Wiec w Rimini, 24.11.2019Zdjęcie: picture-alliance/AP Photo/P. Bove

Po tym wieczorze ruszyła lawina od północnych Włoch aż po Sycylię. Wszędzie, gdzie zapowiadał się Salvini, pojawiały się ławice Sardynek. Każde miasto organizowało swoją własną akcję, zawsze według tych samych reguł: bez partyjnych emblematów, bez agresji, bez skandowania haseł, bez rozrób.

Demonstracja w ubiegłą niedzielę w Mediolanie była o tyle wyjątkiem, że Salviniego w ogóle nie było wtedy w tym mieście. Lecz tutaj odbył się jego ostatni więc przed wyborami do Parlamentu Europejskiego.

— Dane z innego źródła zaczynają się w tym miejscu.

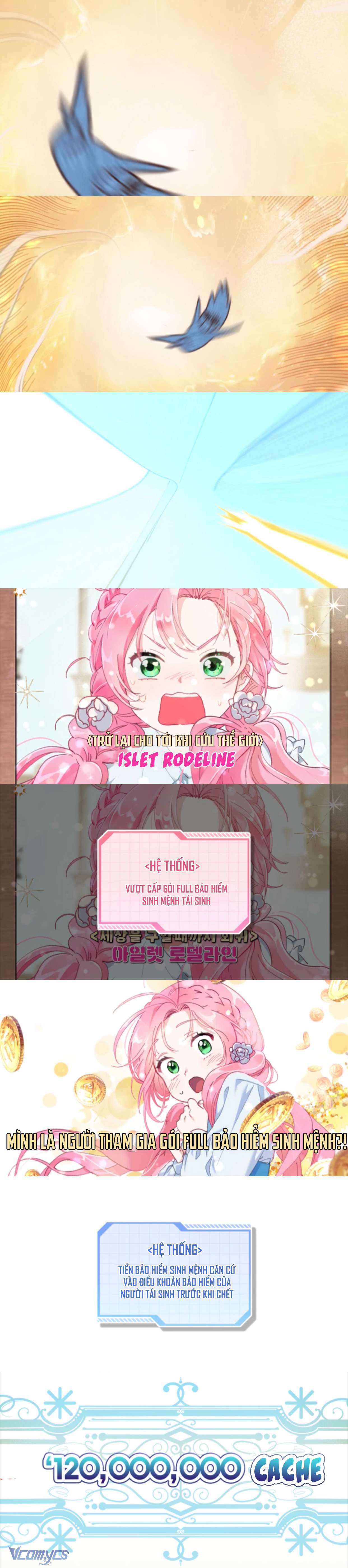 Sự Điều Trị Đặc Biệt Của Tinh Linh Chap Thiệu - Next Chap SS1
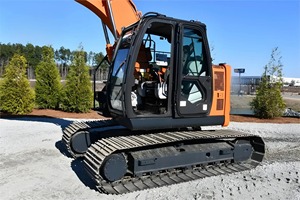 Eficiencia de la excavadora 2019 HITACHI Excavadora de pista Excavadora Hitachi Venta caliente Inventario de maquinaria de construcción - Product Image 6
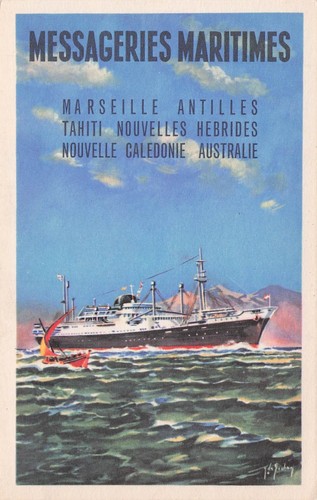 Carte postale ancienne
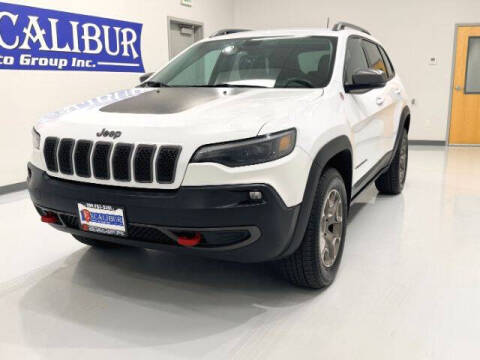 2020 Jeep Cherokee Trailhawk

– Czy on tu jest czy nie, to obojętne – mówi 23-letnia Giulia. – On codziennie głosi swoje nienawistne przesłania i my już nie chcemy tego słuchać. Jesteśmy jak sardynki, które stawiają czoła rekinowi.

To dopiero początek

Początkowo Salvini próbował ośmieszyć Ruch Sardynek: na Facebooku opublikował zdjęcie kotka z sardynką w pysku. W komentarzu napisał, że woli kotki i wezwał swoich followersów, by postowali zdjęcia swoich kotów i deklarowali, czy też lubią pożerać drobne rybki i sardynki. Potem zaostrzył nieco ton, twierdząc, że to ruch „maminsynków”, a tak naprawdę za Sardynkami stoją socjaldemokraci. Temu żywo zaprzecza Mattia Santori, jeden z założycieli ruchu. Po pierwsze nie jest żadnym maminsynkiem, tylko sam się utrzymuje, pracując jako nauczyciel wychowania fizycznego, a po drugie Sardynkom nie chodzi o utworzenie jakiegoś politycznego frontu, tylko o polityczny klimat w kraju i o ton dyskusji. Na flash mobach Sardynek mile widziani są wszyscy, niezależnie od tego, na którego kandydata oddadzą potem swój głos.

Florencja, 30.11.2019Zdjęcie: Getty Images/AFP/F. Monteforte

W międzyczasie Ruch Sardynek zaczyna wypływać na szersze wody. Na 14 grudnia Sardynki wezwały do demonstracji w Berlinie pod Bramą Brandenburską. Podobne demonstracje mają odbyć się w Londynie, Helsinkach, Amsterdamie, Paryżu i Dublinie. Najliczniejsza w ten weekend na pewno będzie demonstracja w Rzymie. Mówi się, że Sardynki mobilizują się także w San Francisco.